# No Odd smells!!!



## FUM (Sep 26, 2011)

A lady friend came over the other day smelling good.:hubba: :icon_smile: :holysheep:  I turned her right around and marched her right out the door much to her supprize. I kindly explained that these buds that are drying WILL PICK UP amy smells like insence, bug sprays and your buds WILL have that taste and flavor.Tell your friends what's up.lol.Have a great harvest.


----------



## happydaze (Sep 26, 2011)

uh....mm'mmmmmkaaayyy.... ty? 


:rofl:

must be some dank...lol


----------



## 4u2sm0ke (Sep 26, 2011)

I Bet That made *Amy *fell Good...Im a let *Hick *Bring in His B.S. meter..



Take care and smell good


----------



## Dr.Drow (Sep 27, 2011)

Lmao she got what I call Treated. Doubt it woulda rubed off unless u inclosed her in a box with ur buds 24 hrs+ but ya careful who u tell about your little secret. I get majorly paranoid if ppl find out about my hobby and I'm legal, to bad the law dosent mean s#~+ to some folks and females will get jelous, they won't call the law when you piss them off they cut your girls right down.


----------



## Lemon Jack (Sep 27, 2011)

:yeahthat:

You really bring a girl home and the first thing you tell her is you grow pot. .. . . .  Good luck in your future.


----------



## Hick (Sep 27, 2011)

:confused2:.. preposterous
...."possibly"..IF both were confined to a very small area (shoe box) for an extended period of time (days)... 
that said, my X uses copious amounts of some "musk". I can smell her for two blocks, and it produces a reaction similar to nekked pictures of Janet Reno....


----------



## KBM (Sep 27, 2011)

Im confused to what your post means. A good smelling lady came over and you asked her to leave because you were afraid she would taint the smell of your drying buds??? I doubt it unless you stuck her in the mason jar with the nugs to cure.


----------



## ston-loc (Sep 27, 2011)

Hick said:
			
		

> :confused2:.. preposterous
> ...."possibly"..IF both were confined to a very small area (shoe box) for an extended period of time (days)...
> that said, my X uses copious amounts of some "musk". I can smell her for two blocks, and it produces a reaction similar to nekked pictures of Janet Reno....



:rofl:


----------



## bho_expertz (Sep 27, 2011)

Honestly FUM ... First you bang and only after you show the exit :doh:


----------



## Rosebud (Sep 27, 2011)

Hick said:
			
		

> :confused2:.. preposterous
> ...."possibly"..IF both were confined to a very small area (shoe box) for an extended period of time (days)...
> that said, my X uses copious amounts of some "musk". I can smell her for two blocks, and it produces a reaction similar to nekked pictures of Janet Reno....

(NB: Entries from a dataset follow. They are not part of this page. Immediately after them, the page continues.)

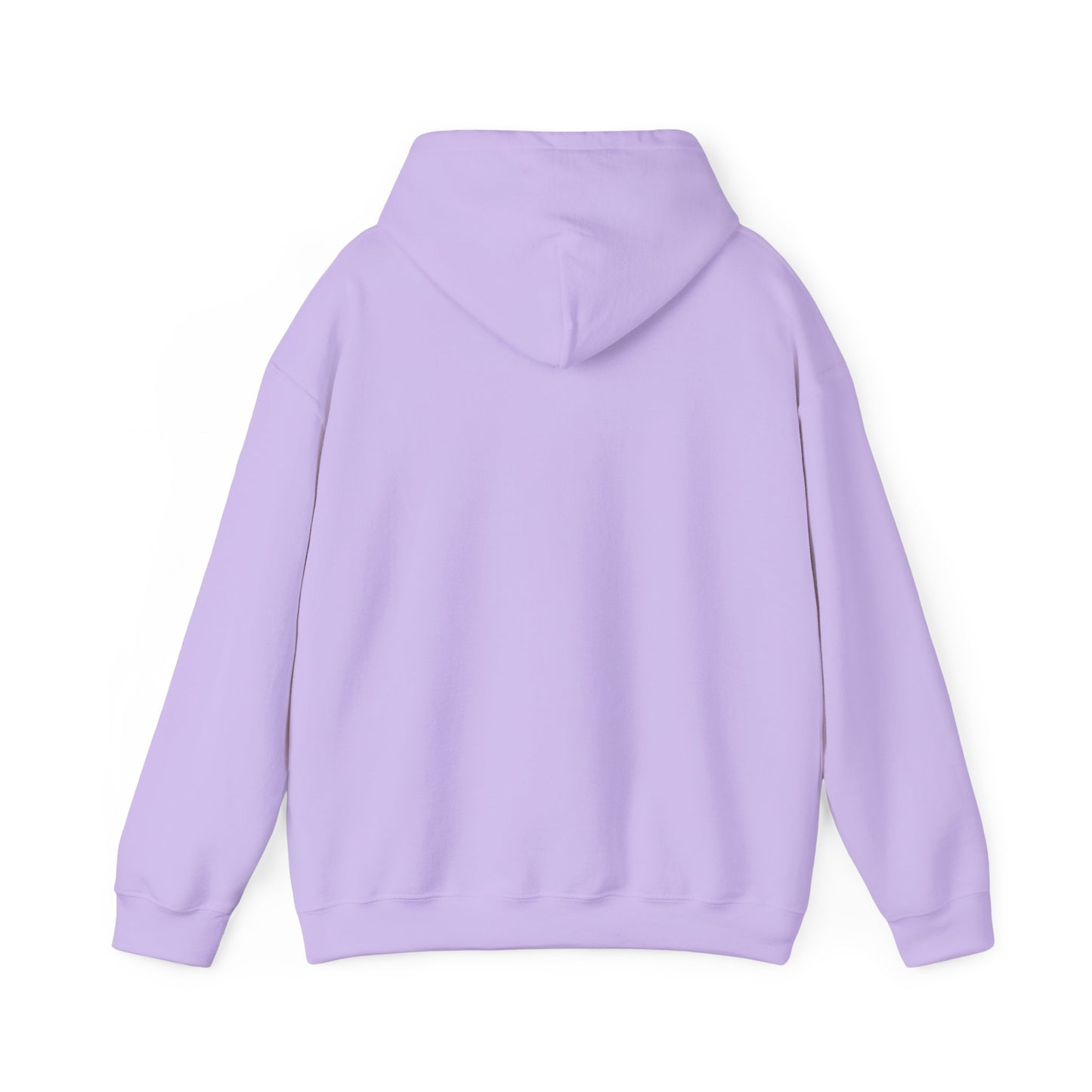Cozy Unisex Nurse Hoodie - Soft, Warm & Stylish Sweatshirt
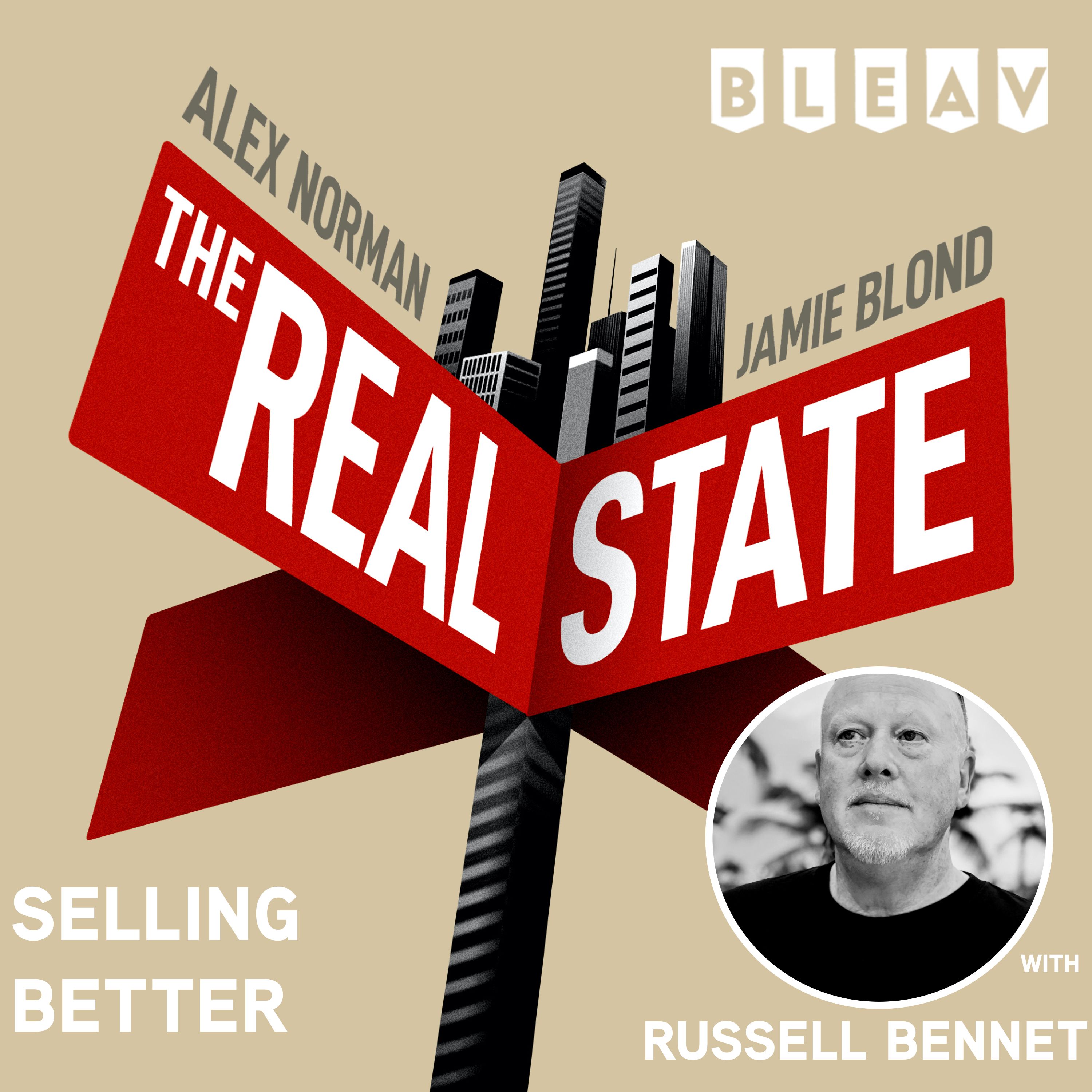 Selling Better: How to bring more humanity to the retail sales experience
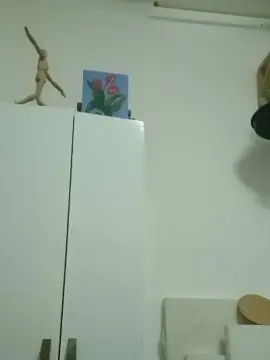 Cam4 Live Porn of Masxcara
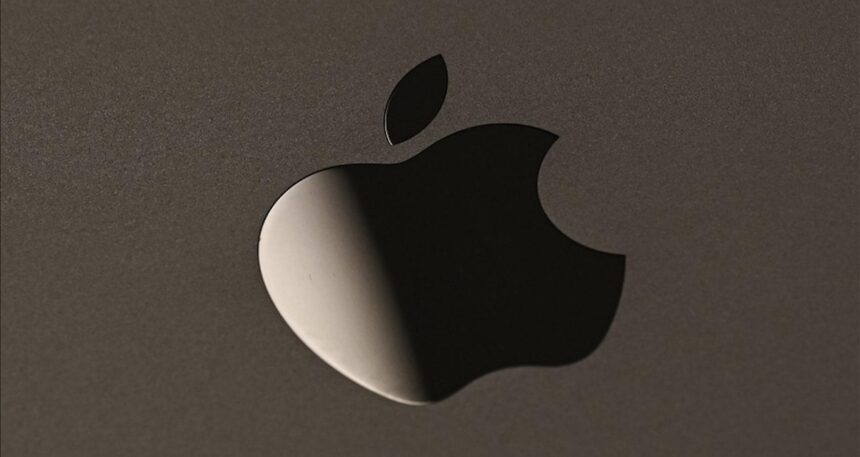 Oyun şirketi Apple’ı mahkemeye verdi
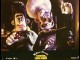 WALLACE ET GROMIT (LE MYSTERE DU LAPIN GAROU)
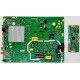 SKYWORTH 55Q20300 REPAIR KIT VER:1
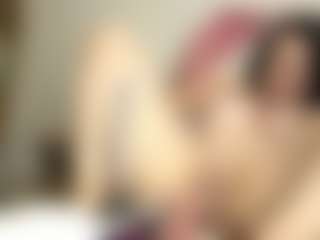 Mature Coquette's Live Sex Cam Show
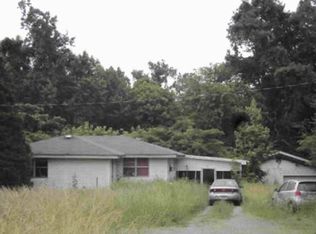 149 Hunter Dr, Union Grove, AL 35175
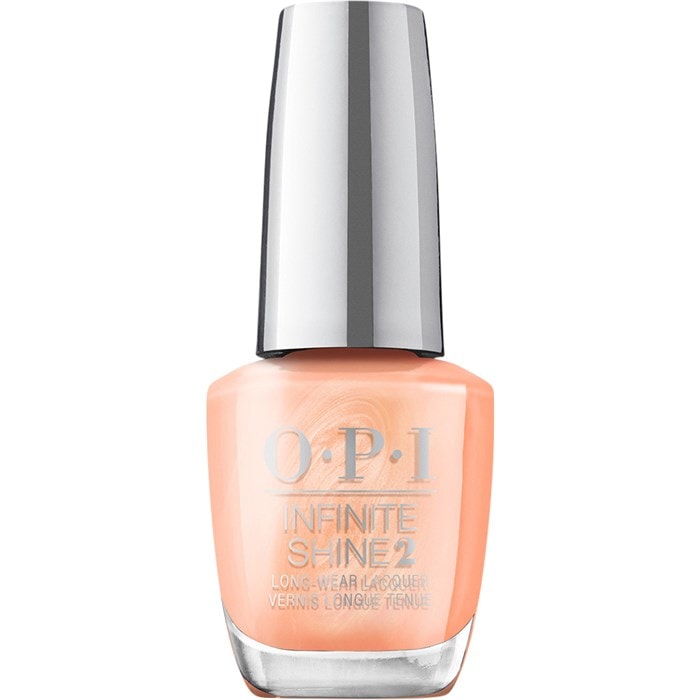Infinite Shine 2 Long-Wear Lacquer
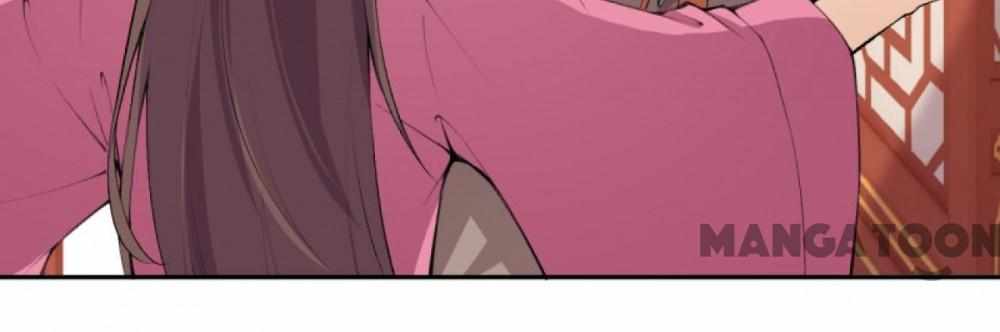Against The Gods (Reuploaded) Chapter 333-eng-li - Page 3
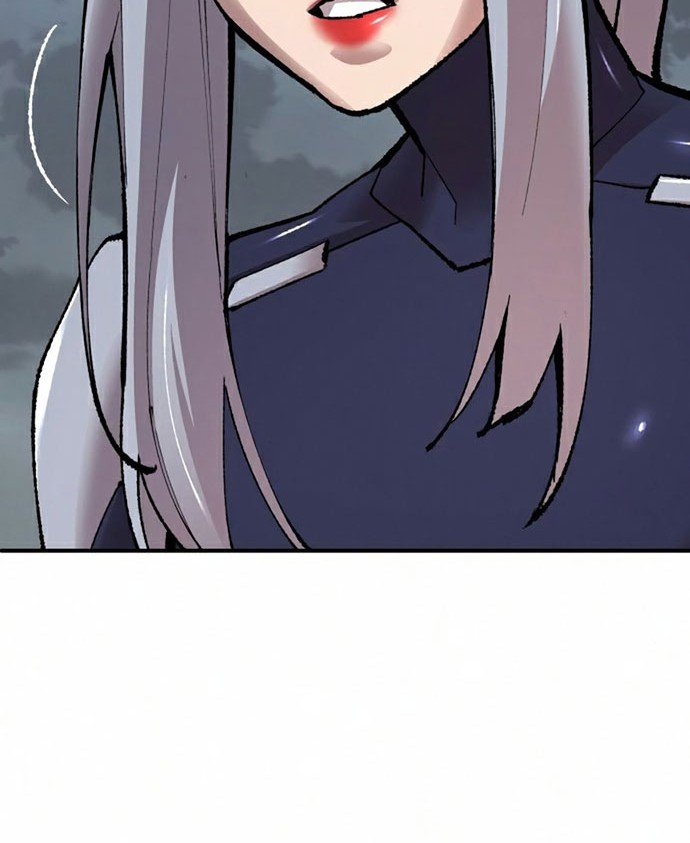 Limit Breaker Chapter 67 Gambar 32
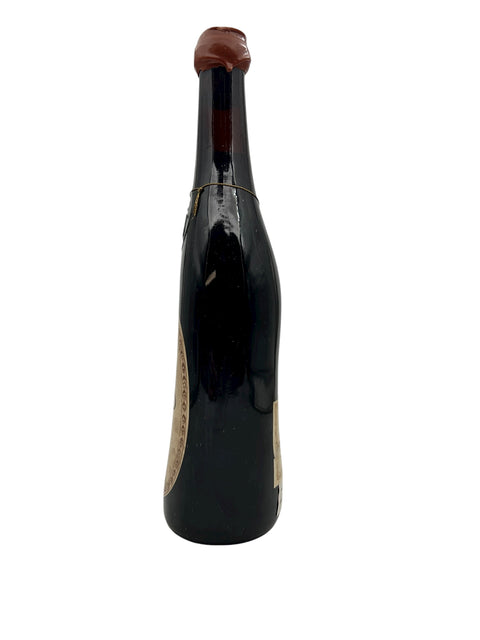 Barolo Marchesi di Barolo 1961 - Riserva della Castellana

:rofl::rofl::rofl: that is funny right there.


----------



## tcbud (Sep 27, 2011)

And I always thought it was carrying around your reefer in your stinky parfumey purse that made your reefer smell/taste like old toilet water bottles.

I think you owe her an apology.


----------



## Hick (Sep 28, 2011)

tcbud said:
			
		

> And I always thought it was carrying around your reefer in your stinky parfumey purse that made your reefer smell/taste like old toilet water bottles.
> 
> I think you owe her an apology.



the absolute worst thing, must be those drier sheets... they DO permeate the product when used to 'mask' the odors in transport.


----------



## Roddy (Sep 28, 2011)

Put the bong down and back away....slowly, so as not to hurt yourself! :rofl: :rofl:


----------



## Dr.Drow (Sep 28, 2011)

Hick said:
			
		

> the absolute worst thing, must be those drier sheets... they DO permeate the product when used to 'mask' the odors in transport.


 ewww yes, ive tryed masking the odor via dryer sheets before. HUGE mistake, putting buds in direct contact with dryer sheets does more then mask the odor. it magicly transforms your perfectly good meds into some unknown herb that I would never smoke again in, fear of causing irreversable damage to my lungs.


----------